Cerca 300 famílias Sem Teto ligadas ao Movimento dos Trabalhadores Urbanos de Sergipe (Motu) ocuparam desde a noite do último domingo, 14, a sede do prédio onde funcionava a estrutura administrativa do Instituto Nacional de Seguridade Social (INSS), na avenida Carlos Firpo, no Centro de Aracaju.

As famílias ocuparam três andares do prédio, que foi interditado pela Defesa Civil no ano passado, quando o órgão constatou falta de segurança das instalações que apresentam problemas elétricos. Ignorando os riscos, famílias de quatro diferentes ocupações ocorridas no bairro 17 de Março (Aracaju), Vitória da Ilha (Barra dos Coqueiros), Novo Amanhecer e do Conjunto Jardim (em Nossa Senhora do Socorro) se alojaram nas dependências do espaço.

Segundo o Motu, quatro áreas invadidas pelos sem teto serão desapropriadas em breve e as pessoas não têm para onde ir, por isso ocuparam o local. Equipes da Polícia Militar foram acionadas e logo em seguida a gerência do INSS e Policia Federal chegaram até o local para convencerem as famílias a saírem do prédio. Policiais militares do 8º Batalhão estão na porta do prédio com a finalidade de garantir a segurança do local.
As famílias reclamam que a Prefeitura de Aracaju não está fornecendo o auxílio-moradia para quem está cadastrado e que deveria receber o custeio do aluguel de residências.

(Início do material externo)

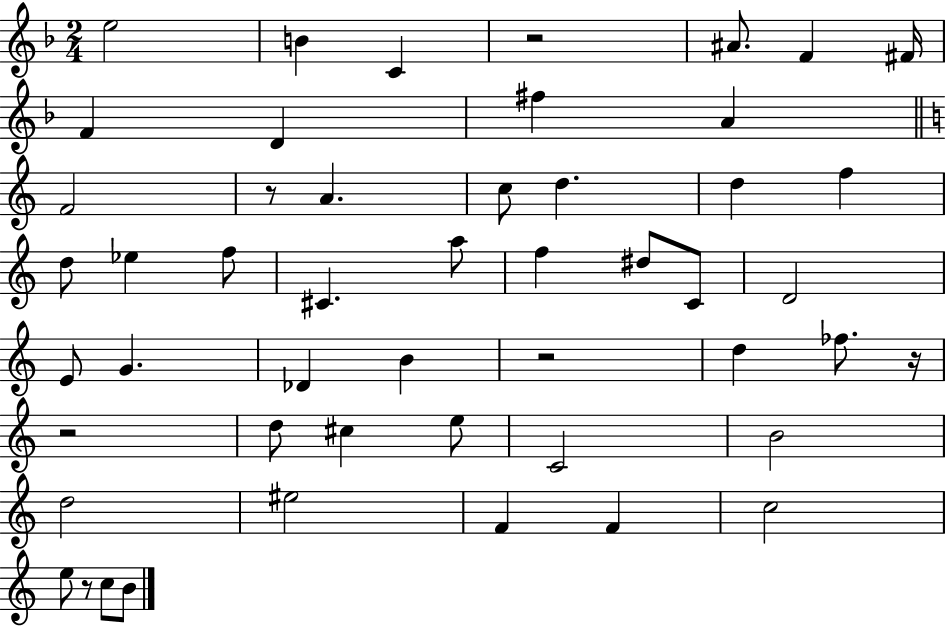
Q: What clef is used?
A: treble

Os manifestantes reivindicam a posse do prédio, que é de propriedade do Governo Federal, e alegam que somente sairão se for expedido um mandado de reintegração de posse. A coordenadora do Motu, Dalva Angélica Santos, informou que os representantes daquelas famílias pretendem permanecer no local até o momento em que o governo federal encontrar solução que possa garantir moradia digna para todas as famílias sem teto.
"Este prédio não tem finalidade social nenhuma e o que queremos é que ele seja utilizado como espaço para moradia popular. As famílias precisam de moradias e os prefeitos e governo não estão se posicionando sobre esta situação. Então resolvemos ocupar. Já fomos despejados quatro vezes e reivindicamos a permanência no local até que as casas estejam prontas. Também queremos que as famílias de Nossa Senhora do Socorro sejam incluídas em projetos habitacionais da prefeitura, bem como as da Barra dos Coqueiros", informou.

Dalva lembrou que muitas outras ocupações urbanas estão acontecendo no estado alertando para o déficit habitacional em Sergipe. "Nossa intenção não é depredar nenhum patrimônio público. Ocupamos pacificamente", explica.   

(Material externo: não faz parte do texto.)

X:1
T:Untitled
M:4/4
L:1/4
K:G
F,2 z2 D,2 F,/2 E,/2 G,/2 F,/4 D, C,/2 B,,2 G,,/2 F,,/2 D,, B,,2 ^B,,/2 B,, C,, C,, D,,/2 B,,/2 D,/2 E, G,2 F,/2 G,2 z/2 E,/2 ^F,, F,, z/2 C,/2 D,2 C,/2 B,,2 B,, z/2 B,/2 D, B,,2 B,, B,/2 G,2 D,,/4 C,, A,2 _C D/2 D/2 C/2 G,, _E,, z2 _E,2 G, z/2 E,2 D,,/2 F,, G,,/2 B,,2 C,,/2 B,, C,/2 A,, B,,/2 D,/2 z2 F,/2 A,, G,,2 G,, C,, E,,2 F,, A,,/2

O Motu cobra do poder público uma solução diante de vários despejos, a exemplo da inclusão das famílias no cadastro de programas de moradias populares. Na avaliação do Movimento, o anúncio do ministro das Cidades informando que há dinheiro para o Programa de Aceleramento do Crescimento (PAC) representa uma possibilidade de ampliação da politica habitacional para quem ainda aguarda uma casa.

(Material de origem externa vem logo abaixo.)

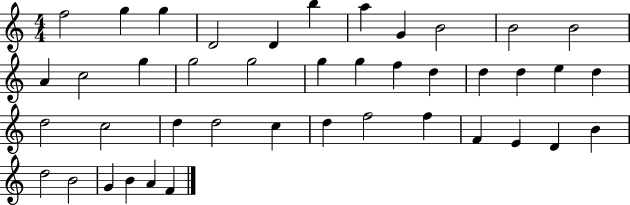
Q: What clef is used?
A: treble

A movimentação na frente do prédio chamou a atenção de quem passou pelo local.  Por volta das 7h, funcionários de uma panificadora chegaram com cerca de 200 pães e manteiga para alimentar as famílias e, depois de conversar com as lideranças do movimento e com o comando geral da PM, foi liberada a entrega dos alimentos. Entre os ocupantes estão crianças, idosos e gestantes.

Segurança – Por questão de segurança, ninguém mais pode entrar no prédio. Funcionários do INSS que compareceram ao local na manhã de ontem não conseguiram entrar no prédio, onde ainda funciona parte dos serviços administrativos.

Os policiais militares e federais mantêm a segurança do local. O INSS vai pedir a reintegração e manutenção de posse do imóvel que ainda guarda arquivos e equipamentos. Segundo o delegado federal Daniel Horta Alves, da regional de Combate ao Crime Organizado, a polícia não vai entrar no imóvel até que tenha uma autorização judicial.
"Acionamos a Polícia Federal e estamos aguardando posição do Departamento de Gerenciamento de Crises para que o prédio possa ser desocupado. O prédio não foi leiloado e nem está abandonado, ele foi interditado por problemas na parte elétrica, mas não tem risco de desabamento", explica o gerente-executivo do INSS, Leonardo Bittencourt.

De acordo com ele, desde que foi interditado em fevereiro de 2012, o imóvel não passou por reformas e nem há previsão diante do fato do serviço está funcionando em outro local. "O que ocorre é que este prédio vai ficar alienado e quem vai decidir o que vai ser feito dele é uma comissão em Brasília", explicou.